:: Data to examine

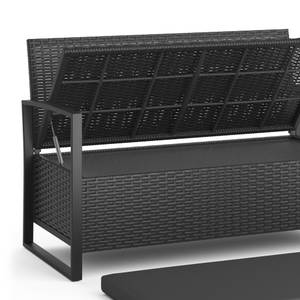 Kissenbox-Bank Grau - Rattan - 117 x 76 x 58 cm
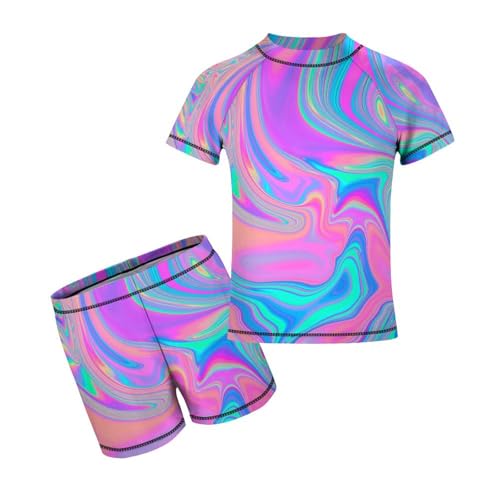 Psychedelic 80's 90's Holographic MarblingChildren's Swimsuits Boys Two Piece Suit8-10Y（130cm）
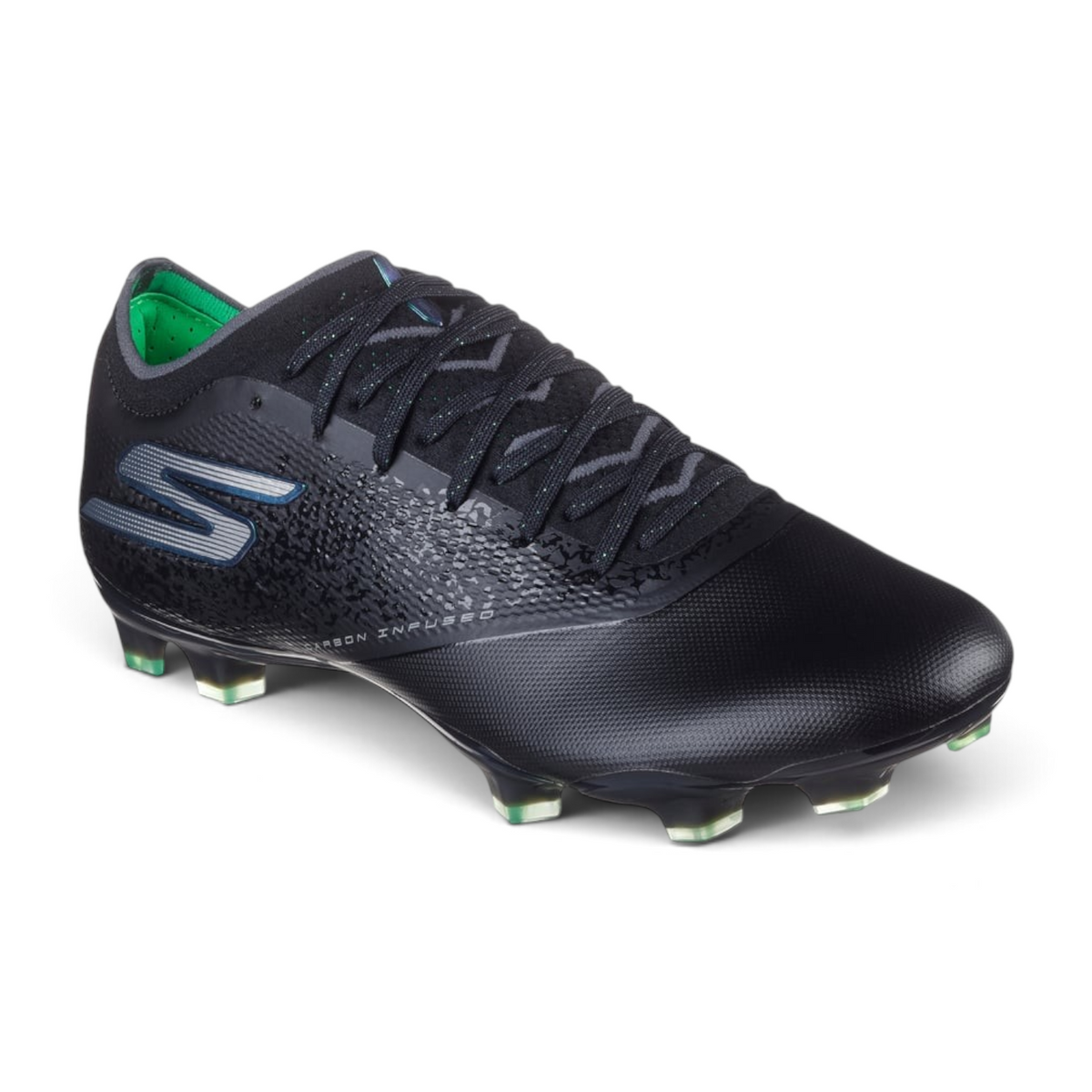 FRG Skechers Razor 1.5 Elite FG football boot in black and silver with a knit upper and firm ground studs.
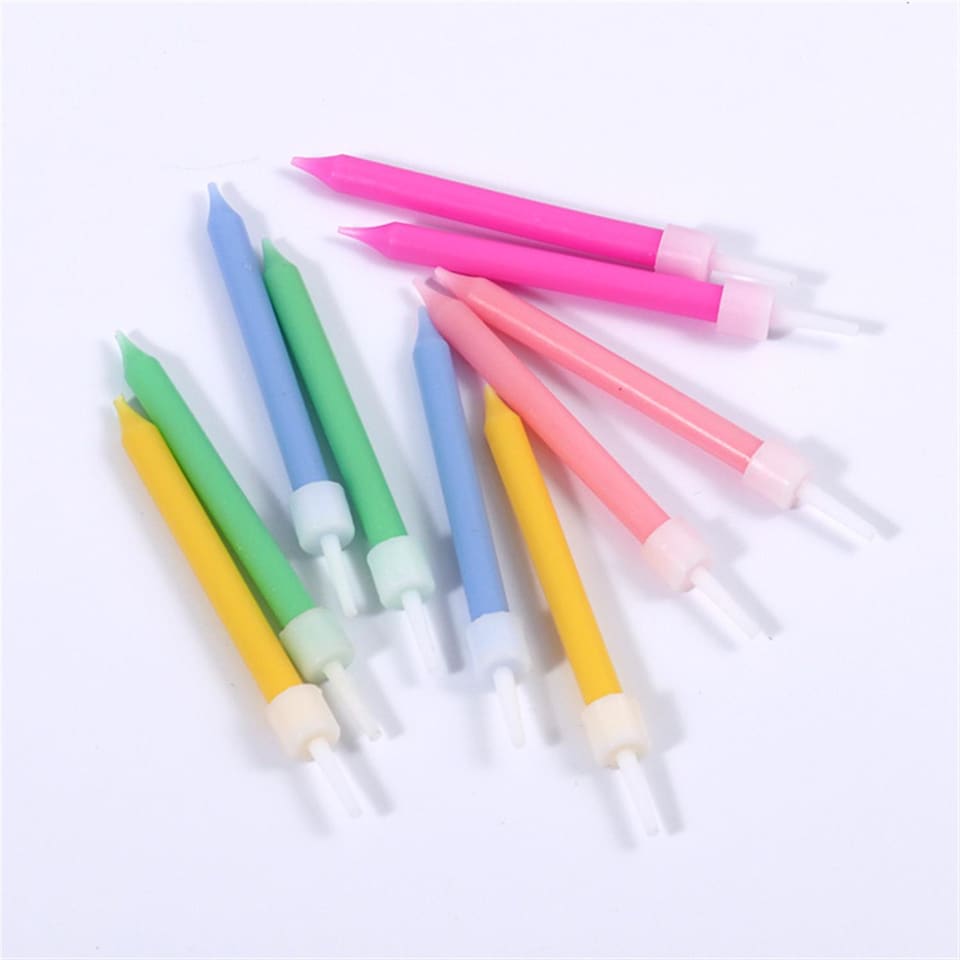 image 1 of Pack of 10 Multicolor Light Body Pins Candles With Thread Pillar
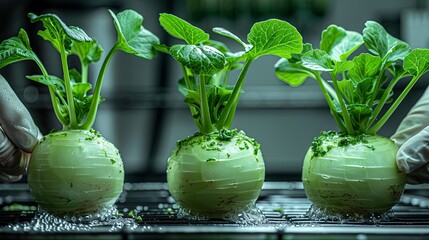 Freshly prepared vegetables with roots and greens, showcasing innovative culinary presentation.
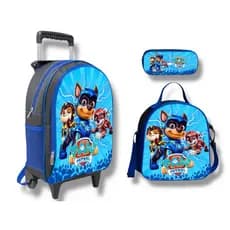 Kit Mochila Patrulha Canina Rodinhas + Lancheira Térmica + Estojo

::::

- _Aim of the exercise_:
Give back, unaltered, each line of the listing from the first to the line that contains "FRG Skechers Razor", leaving every picture out.

- _Answer space_:
 Kissenbox-Bank Grau - Rattan - 117 x 76 x 58 cm
 Psychedelic 80's 90's Holographic MarblingChildren's Swimsuits Boys Two Piece Suit8-10Y（130cm）
 FRG Skechers Razor 1.5 Elite FG football boot in black and silver with a knit upper and firm ground studs.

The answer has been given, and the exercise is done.